How to complete this task.
The records that follow are to be reproduced exactly. Any pictures in them are left out.

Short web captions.
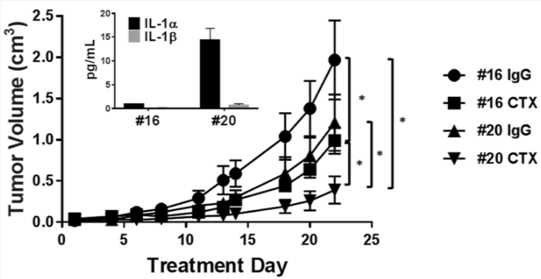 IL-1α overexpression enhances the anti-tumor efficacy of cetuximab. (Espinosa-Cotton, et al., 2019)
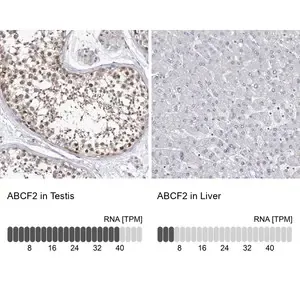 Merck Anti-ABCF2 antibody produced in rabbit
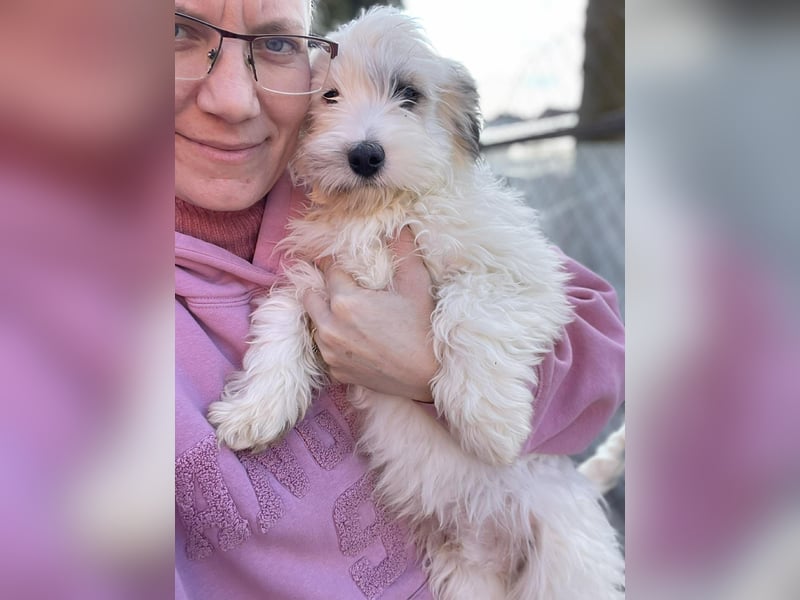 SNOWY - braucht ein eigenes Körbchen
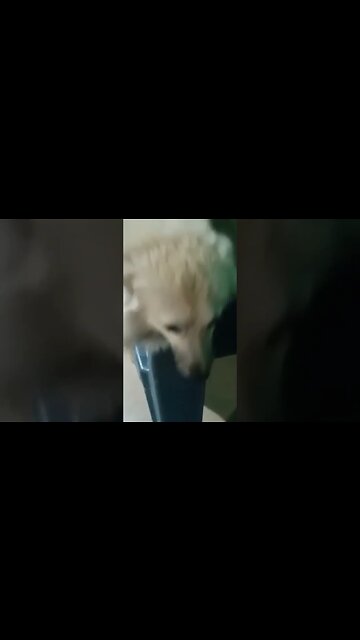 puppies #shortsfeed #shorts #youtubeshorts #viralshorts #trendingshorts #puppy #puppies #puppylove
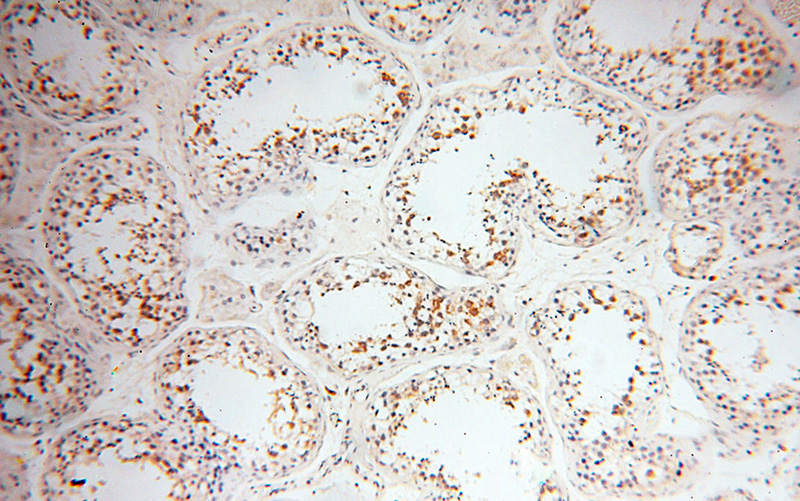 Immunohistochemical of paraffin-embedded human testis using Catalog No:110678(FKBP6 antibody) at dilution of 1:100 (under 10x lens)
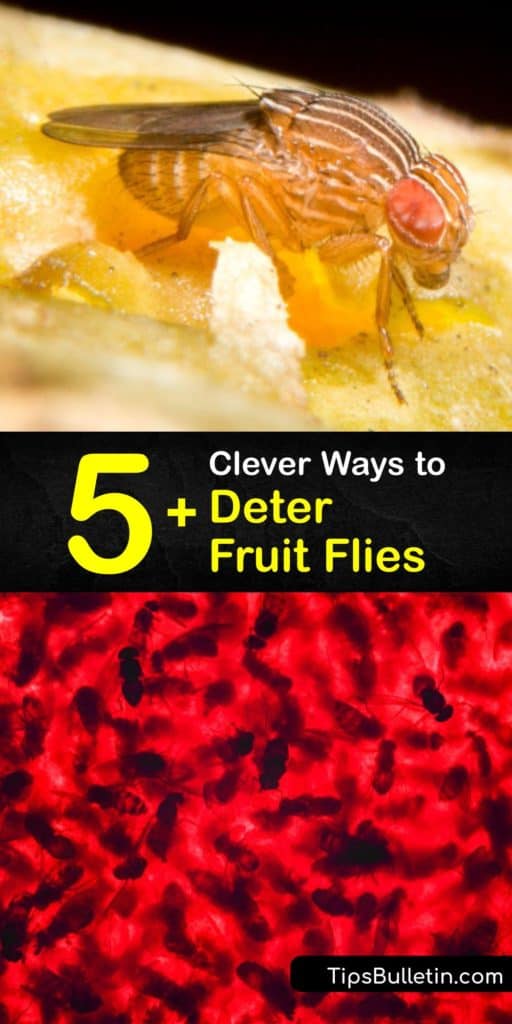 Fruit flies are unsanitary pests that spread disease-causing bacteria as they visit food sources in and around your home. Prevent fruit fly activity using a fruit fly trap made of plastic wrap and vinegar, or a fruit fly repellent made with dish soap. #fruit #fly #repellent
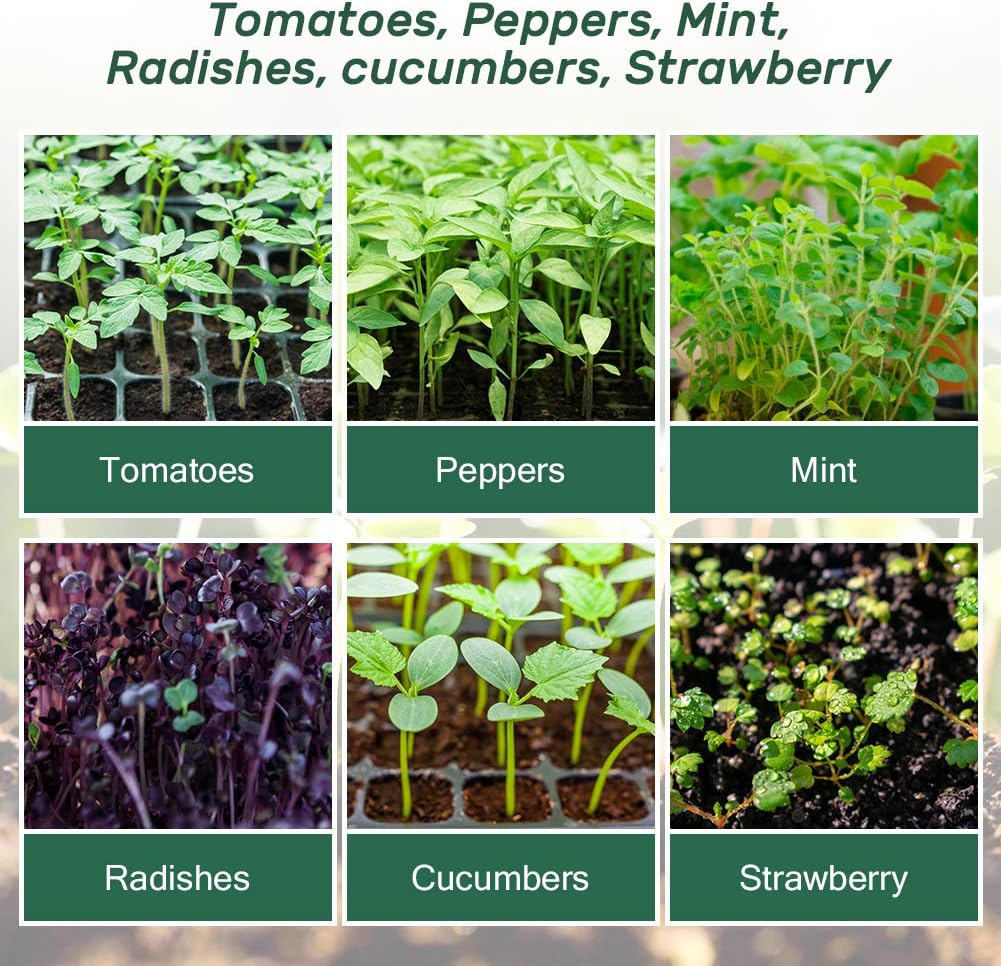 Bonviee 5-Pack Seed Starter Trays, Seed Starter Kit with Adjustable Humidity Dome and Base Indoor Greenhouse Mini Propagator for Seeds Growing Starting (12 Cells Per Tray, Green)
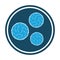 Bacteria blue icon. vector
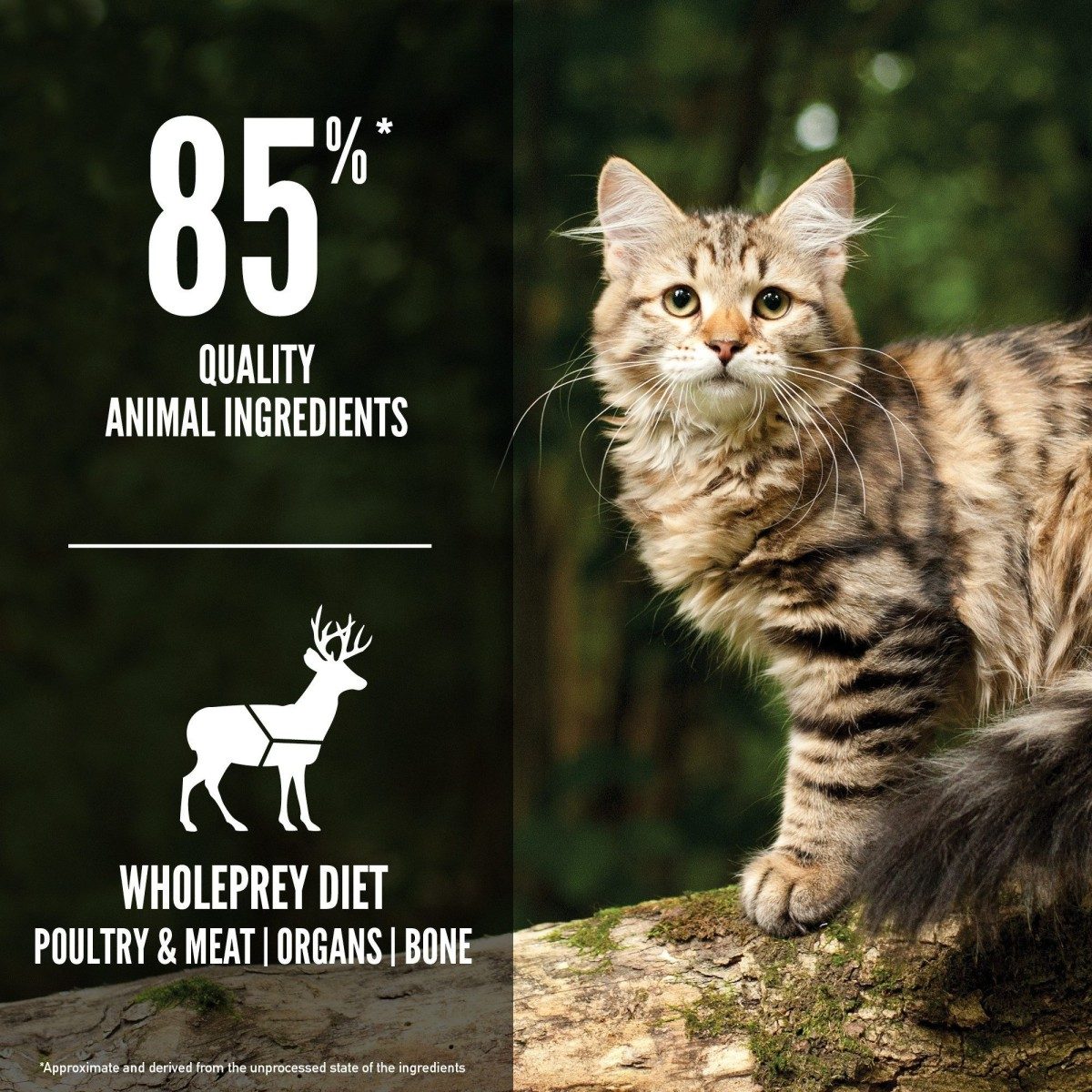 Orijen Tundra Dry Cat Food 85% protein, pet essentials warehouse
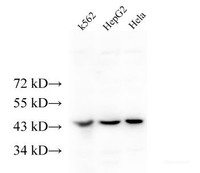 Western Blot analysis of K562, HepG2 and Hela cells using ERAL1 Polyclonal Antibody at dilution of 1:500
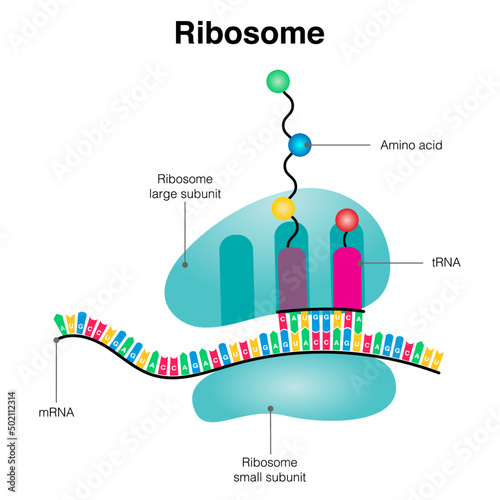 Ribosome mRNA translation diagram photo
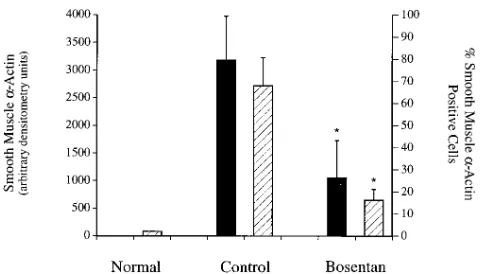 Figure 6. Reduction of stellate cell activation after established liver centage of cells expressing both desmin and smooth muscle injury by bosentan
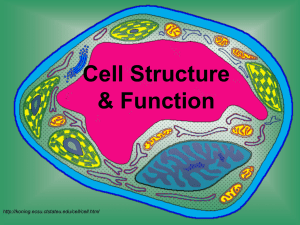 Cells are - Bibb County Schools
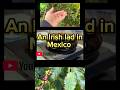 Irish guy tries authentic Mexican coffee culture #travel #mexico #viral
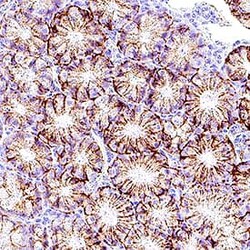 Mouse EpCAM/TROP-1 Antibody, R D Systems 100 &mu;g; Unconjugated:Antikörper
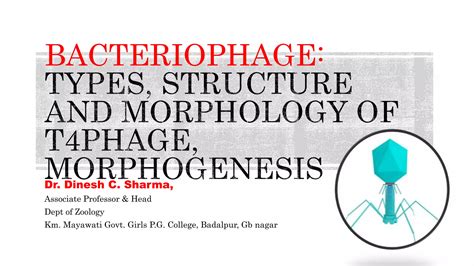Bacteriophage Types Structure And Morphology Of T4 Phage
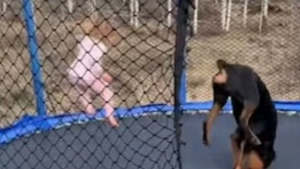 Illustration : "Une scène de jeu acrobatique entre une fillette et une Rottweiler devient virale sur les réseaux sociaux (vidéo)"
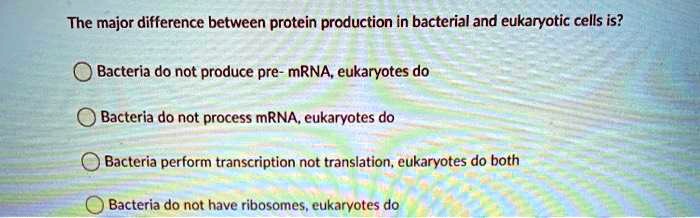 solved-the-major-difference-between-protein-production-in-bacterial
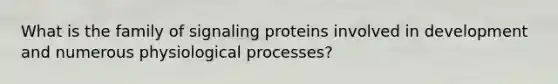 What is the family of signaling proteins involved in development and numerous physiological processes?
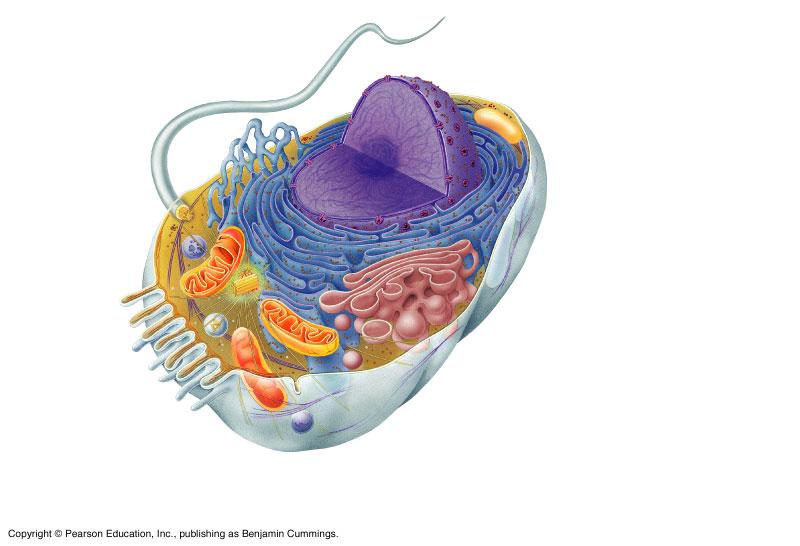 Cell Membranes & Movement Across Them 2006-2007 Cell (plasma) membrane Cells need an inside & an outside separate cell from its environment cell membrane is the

Problem solution.
 IL-1α overexpression enhances the anti-tumor efficacy of cetuximab. (Espinosa-Cotton, et al., 2019)
 Merck Anti-ABCF2 antibody produced in rabbit
 SNOWY - braucht ein eigenes Körbchen
 puppies #shortsfeed #shorts #youtubeshorts #viralshorts #trendingshorts #puppy #puppies #puppylove
 Immunohistochemical of paraffin-embedded human testis using Catalog No:110678(FKBP6 antibody) at dilution of 1:100 (under 10x lens)
 Fruit flies are unsanitary pests that spread disease-causing bacteria as they visit food sources in and around your home. Prevent fruit fly activity using a fruit fly trap made of plastic wrap and vinegar, or a fruit fly repellent made with dish soap. #fruit #fly #repellent
 Bonviee 5-Pack Seed Starter Trays, Seed Starter Kit with Adjustable Humidity Dome and Base Indoor Greenhouse Mini Propagator for Seeds Growing Starting (12 Cells Per Tray, Green)
 Bacteria blue icon. vector
 Orijen Tundra Dry Cat Food 85% protein, pet essentials warehouse
 Western Blot analysis of K562, HepG2 and Hela cells using ERAL1 Polyclonal Antibody at dilution of 1:500
 Ribosome mRNA translation diagram photo
 Figure 6. Reduction of stellate cell activation after established liver centage of cells expressing both desmin and smooth muscle injury by bosentan
 Cells are - Bibb County Schools
 Irish guy tries authentic Mexican coffee culture #travel #mexico #viral
 Mouse EpCAM/TROP-1 Antibody, R D Systems 100 &mu;g; Unconjugated:Antikörper
Bacteriophage Types Structure And Morphology Of T4 Phage
 Illustration : "Une scène de jeu acrobatique entre une fillette et une Rottweiler devient virale sur les réseaux sociaux (vidéo)"
 solved-the-major-difference-between-protein-production-in-bacterial
 What is the family of signaling proteins involved in development and numerous physiological processes?
 Cell Membranes & Movement Across Them 2006-2007 Cell (plasma) membrane Cells need an inside & an outside separate cell from its environment cell membrane is the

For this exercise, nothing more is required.